Oppure. C'è chi alla logica del lavoro (del lavoro da terzo mondo a Milano che Fame Chimica ci mostra) prova a sottrarsi. Droga e discoteca. In discoteca ci si droga, ci si droga per andare in discoteca. Una scorciatoia per il Centro Che Non Esiste. Quando tutti ci si trasforma in modelle e modelli, immenso coatto club privé salatissimo a livello di neuroni e a tasso bassissimo di realtà. Ecco allora il mondo degli spacciatori, per necessità o aspirazione sociale, per reazione o adattamento (a volte, fa lo stesso), sprovveduti venditori di sogni terminali ma prossimi, anche se per distorsione ottica, al Centro.
E poi, e ancora. Il razzismo. Nuovo e vecchio. La voglia di liberarsi dei propri sogni guasti trovando chi li ha fatti scadere: i diversi, gli altri che rovinano tutto, gli etichettabili. Prima i “terroni”, poi “i negri”. C'è sempre qualcuno che è responsabile della distruzione dei sogni quando i sogni non funzionano e sono in troppi a farli e senza risultati. Nel film, è un recinto (un muro dei poveri) il sogno ultimo, distorto, che separa i separati, che inventa, dopo gli ultimi, gli ultimissimi da emarginare.

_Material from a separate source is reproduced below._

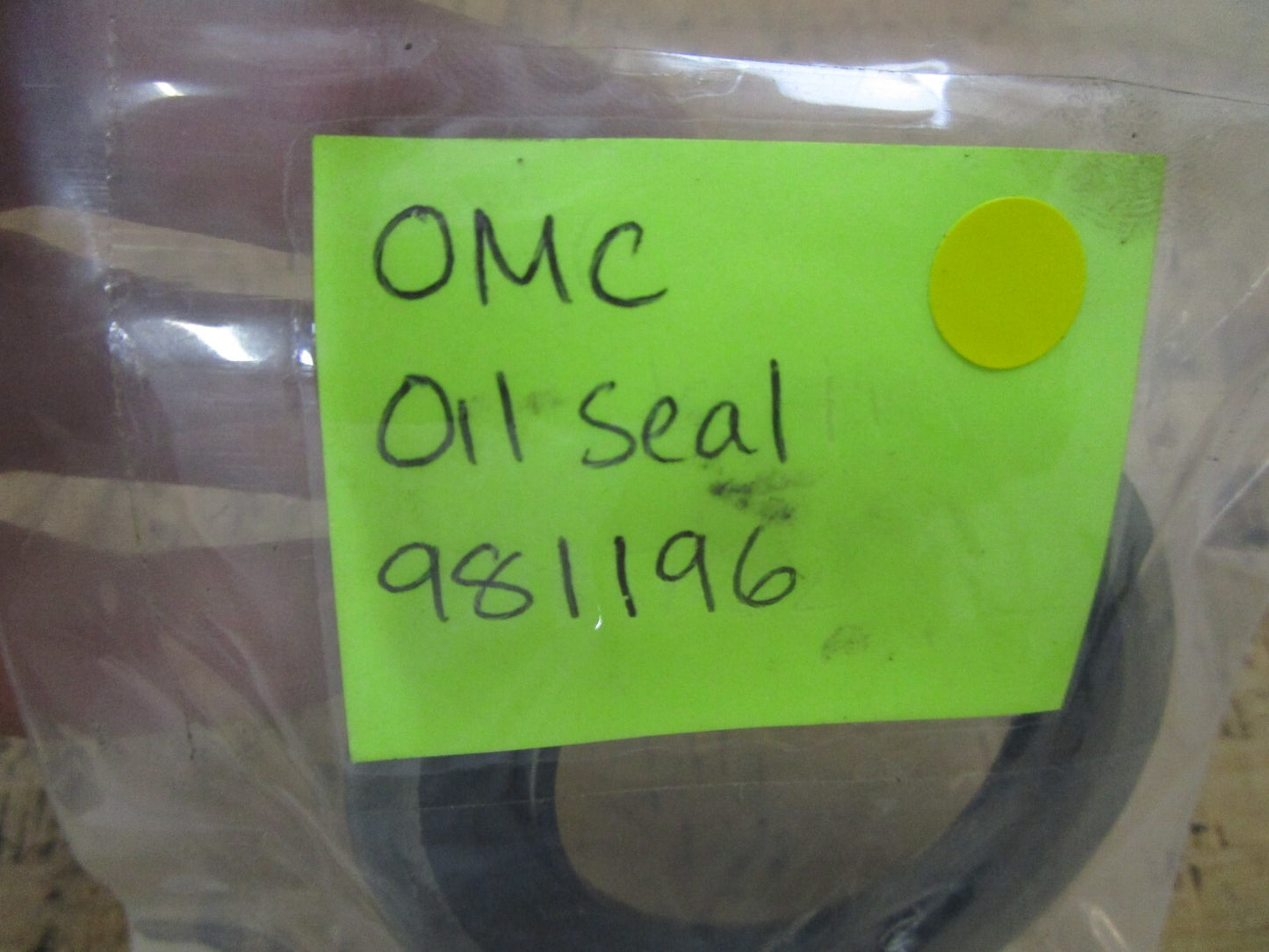 *NEW OEM* (LOT OF 2) 0750 OMC Johnson Evinrude OIL SEAL 981196 0981196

E comunque. L'amore. Quello che dappertutto. Quello che fa svanire i sogni diventando troppo presto famiglia e quello che li prolunga in un sorriso incontrato quasi per caso, e che ti spalanca un mondo dove mondi non ce ne sono più. Quello che invecchia troppo presto e quello che non nasce mai.
Fame Chimica è un film bellissimo.

Aldo Nove
su "Musica" supplemento di Repubblica del 29 aprile 2004, p. 26/27.